Мы, мнящие себя на высоте пространнейших кругозоров, должны положить почин покаянию всенародному и первые из состояния всеобщей одержимости демонами растления и уныния, беспамятства и ожесточения, бессильной ярости и трусливой дерзости – прийти в разум истинный, исполниться смиренномудрием и мужеством, вспомнить прежнюю верность – не знаменам, не раз вылинявшим и не раз перекрашенным, но живой родине и народу-лицу, – не народу-понятию, – и вековечным устоям пронесенных им чрез века чаяний Христовой правды на земле.

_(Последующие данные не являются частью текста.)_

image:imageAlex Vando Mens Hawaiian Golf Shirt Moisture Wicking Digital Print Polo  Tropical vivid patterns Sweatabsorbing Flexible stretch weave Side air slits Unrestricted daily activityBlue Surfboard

Ныне же покаяние нам облегчено:
И кто скажет: «Не в чем России каяться, ибо все, что творится, добро зело», – если не умышленно лжесвидетельствует, то сам одержим и болеет волею, и мысль его помрачена пагубным наваждением гражданственного самоубийства. Я обращаюсь к видящим наш позор и распад, бесстыдство и беснование. Если они подлинно чувствуют себя трезвыми на буйной оргии, зачем же, как благородно сказал недавно некто, издеваются они над уничижением народного лика, как издевался некогда Хам над наготою великого отца своего, охмелевшего по первом сборе винограда? Они обвиняют в измене целому самоутвердившиеся в отрыве от целого части народа и лицемерно приписывают другой части, к которой принадлежат сами и которую своекорыстно противополагают другим, повторяя их отступничество, – справедливость беспристрастного суда и верховный разум отечества? Они дерзают говорить за родину, но непохож на голос матери их бездушный, металлический голос. Они также призывают к покаянию, но не слышатся в их речах слезы и смирение кающихся, да и не знают они за собой никакого греха, и патриотическое их самобичевание так искусно, что удары бича не задевают единственно их самих.
Иначе представляю я себе всенародное покаяние – этот первый подход к самоопределению всенародному. Поистине вместо того, чтобы корить и изобличать то былых сеятелей, – что пшеница-де, ими посеянная, перемешана была с плевелами, и вотде, выросли плевелы и заглушили пшеницу – то «бунтующих рабов», разгулявшихся, как пьяные илоты, то немецких приспешников и прихвостней, то чужеродных присельников, отравляющих-де наши духовные колодцы, – лучше нам, вместо всех этих нареканий, узнать в искаженных чертах больной и неистовствующей России – ее самое, и с нею – нас самих.